* Task prompt: Skip the pictures. Transcribe exactly the lines from the line containing "Housse matelas à" to the end of the listing.

* Collected material:
━━━

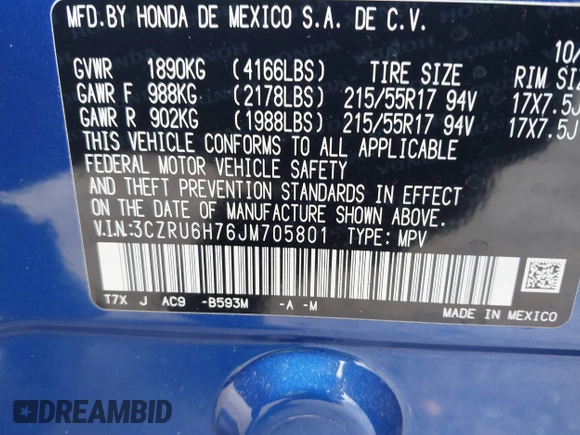 2018 Honda HR-V EX-L Navi with VIN 3CZRU6H76JM705801, listed as a IAAI auction lot 41555125 with 12,729 mi miles. Bid and sale history available at carsss.com. Image 9.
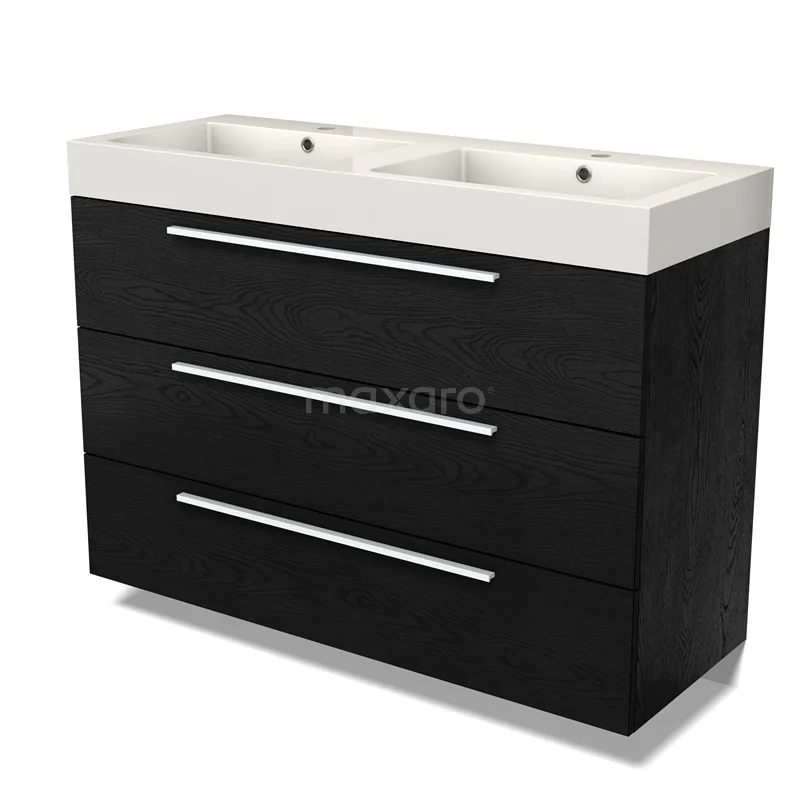 Modulo Vanity units with basin | 120 cm Black oak Flat front Mineral marble 3 drawers BMW19-02719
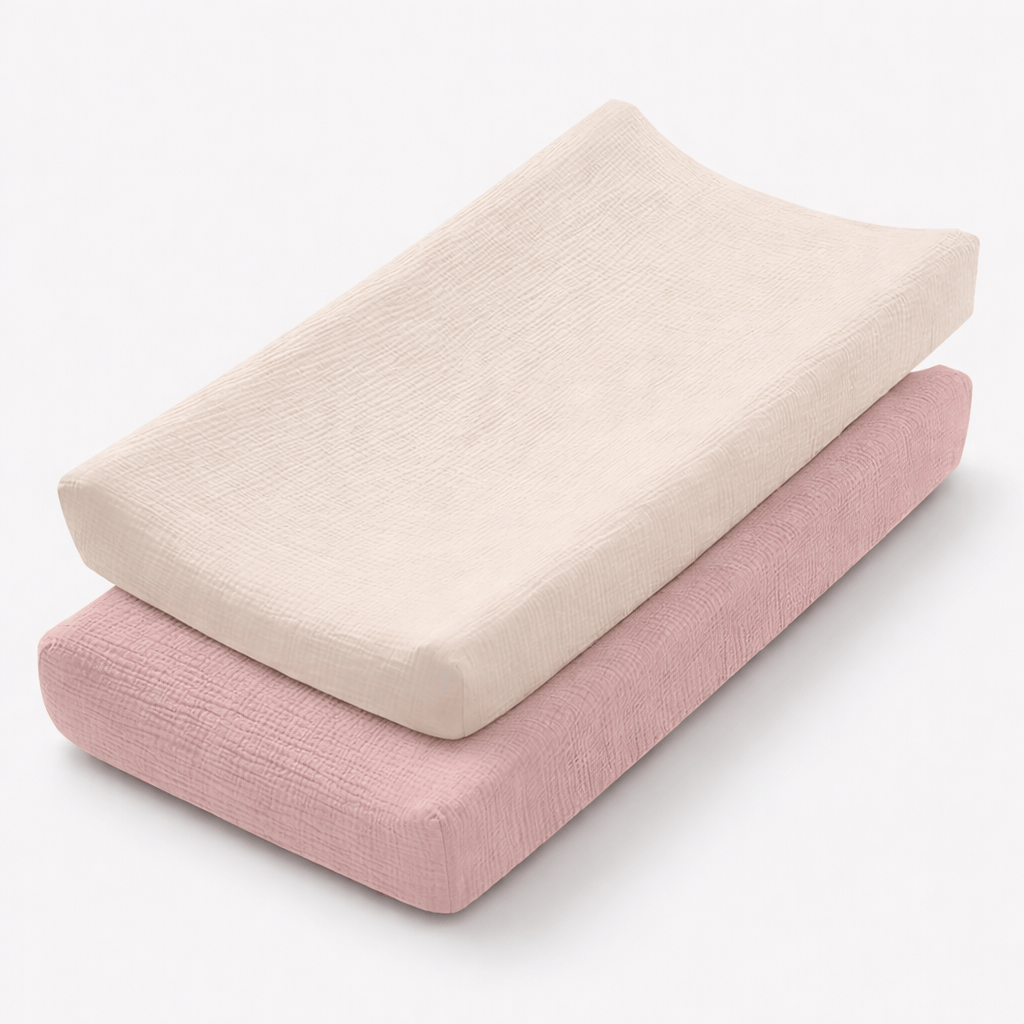 Housse matelas à langer en coton Rose poudré/ Ecru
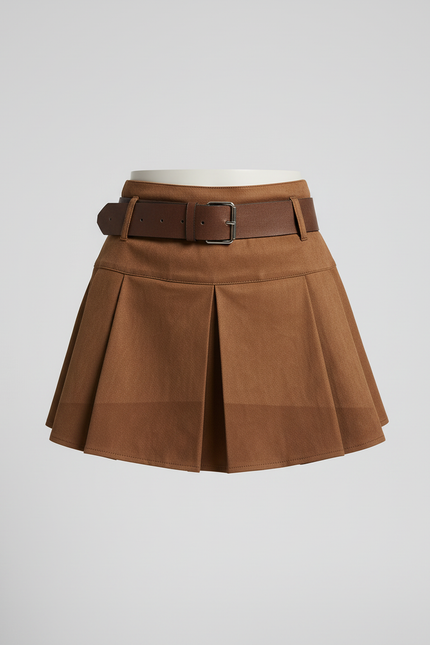 Jupe Plissée marron taille haute rétro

━━━

* Written reply:
 Housse matelas à langer en coton Rose poudré/ Ecru
 Jupe Plissée marron taille haute rétro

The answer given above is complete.